> RECORDED DATA:
----

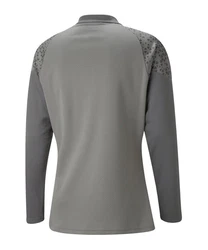 PUMA teamCUP HalfZip Sweatshirt Dunkelgrau/Grau/Grün/Dunkelgrün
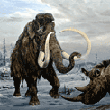 wooly mammoth - prehistoric animals - pleistocene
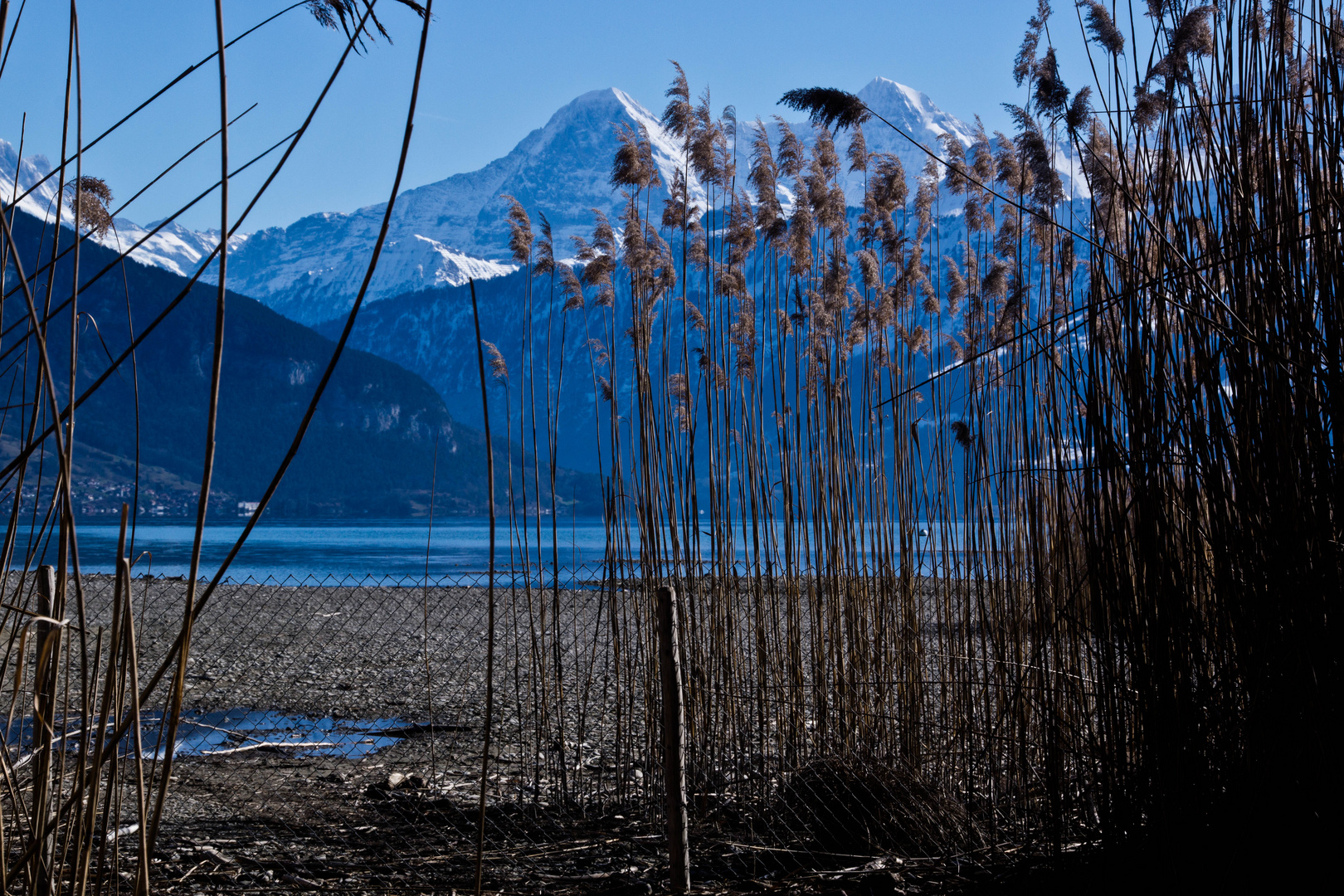 Winter  I Thunersee I  Berner Oberland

----

> YOUR GOAL: The job here is to retype the data exactly, with no pictures included.

> TASK SOLUTION:
 PUMA teamCUP HalfZip Sweatshirt Dunkelgrau/Grau/Grün/Dunkelgrün
 wooly mammoth - prehistoric animals - pleistocene
 Winter  I Thunersee I  Berner Oberland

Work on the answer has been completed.